Очень тихо. Но в доме что-то все время поет, гудит еле слышно, тоненько, жалобно, будто притихший полярный холод забился в какую-то случайную щелку и поет, просит пустить его к теплым трубам. Сначала меня раздражало, потом привык. И я перестал искать причину и конопатить ватой несуществующие дырки в доме.
…Три дня мы готовили посадочную полосу для самолетов.
Нас удивил Американец. Он упросил дать ему трактор, и так лихо вел по снегу машину с прицепленной к ней волокушей, так заправски гремел рычагами, что я не выдержал и полез в другую машину, с катком.
Трясет, как будто верхом едешь. Мой тягач вилял и проскакивал мимо всех колдобин, стараясь против моей воли пойти по ровным, уже укатанным полоскам.
Прогнали меня если не с позором, то с крепкими словами.
— Учись, деревня, — сказал наш Механик, демонстративно показывая пальцем туда, где работал Американец. — И не садись в чужую телегу, поломаешь оглобли.
Начальник станции улыбался.
— Глядите, Америка работает на коммунизм!
Все засмеялись. Американец понял, тоже засмеялся, подмигнул мне.
— Я потомственный фермер, — сказал он по-английски.
…По телефону позвонил Американец и просил разрешения зайти на огонек. Ему, видно, кроме радио, поговорить не с кем.
Он вошел. Я налил в чашки кофе, пригласил его сесть, подвинув стул к батарее.
— Мистер Магнитолог, я вам не помешаю?
— Нет, не помешаете. У нас такое безмолвие, такая тишина, всегда гостю рад.
— Вы обратили внимание на ваши очки? Они поцарапаны. Метели бьют, как пескоструйные аппараты. Вы рискуете затуманить свое зрение.
— У меня есть очки в запасе.
— А я могу подарить вам защитные стекла. Вам от меня достается больше, чем всем, и я не мог оставить вас без этой маленькой благодарности.
— Какие пустяки…
— Я и в будущем рассчитываю на вас. Не то мне все кажется, что меня здесь не принимают всерьез. Вроде нахлебника.
— Что вы! Просто ребята привыкли видеть иностранцев обменных ученых. Обменных журналистов до сих пор не было. Стоит ли вашему брату лазить в такие дыры? Я, например, не полез бы ради писания… Какая газета?
— Я служу в отделе печати ЮНЕСКО.
— До сих пор смутно представляю, что значит ЮНЕСКО.
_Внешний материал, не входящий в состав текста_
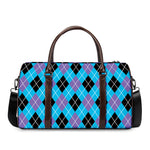 Blue Black And Purple Argyle Print Duffle Bag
— О, между нами говоря, если бы в наше время жил Дон-Кихот, он, вероятно, служил в ЮНЕСКО. Нет выше идеалов, которые хочет посеять милый, близорукий, добрый дон Юнеско, и нет более наивного дона, чем Юнеско.
— Не понимаю.
— Мы призваны сближать несовместимое, утолять неутолимое, сеять невсходимое. Укреплять контакты, которые при ближайшем взгляде — видимость, не больше. Попробуйте соединить, сблизить наш непонятный больной мир, и вы поймете, как это сложно.
— Тогда зачем делать бесполезное?
— Вы хотите спросить, к чему нужны донкихоты? Вероятно, без них все-таки мир не обойдется. Вероятно, слабые зернышки всходят. В культуре, в науке, в образовании, в искусстве… Для меня то, что здесь творится, не очень большие, но первые плоды усилий донкихотов. Сблизилось несближаемое, поделилось неделимое, наладились контакты, и никаких раздоров. Это модель мира, каким он должен быть.
— Вы хотите рассказать об этом?
— Хотелось бы… Я не считаю себя донкихотом, но все последние годы я ношусь по свету в поисках тайны противоречий, всего, что может помочь преодолеть их. Меня касается все и всюду. Но, как сказал один из президентов Америки, противоречия губят нас.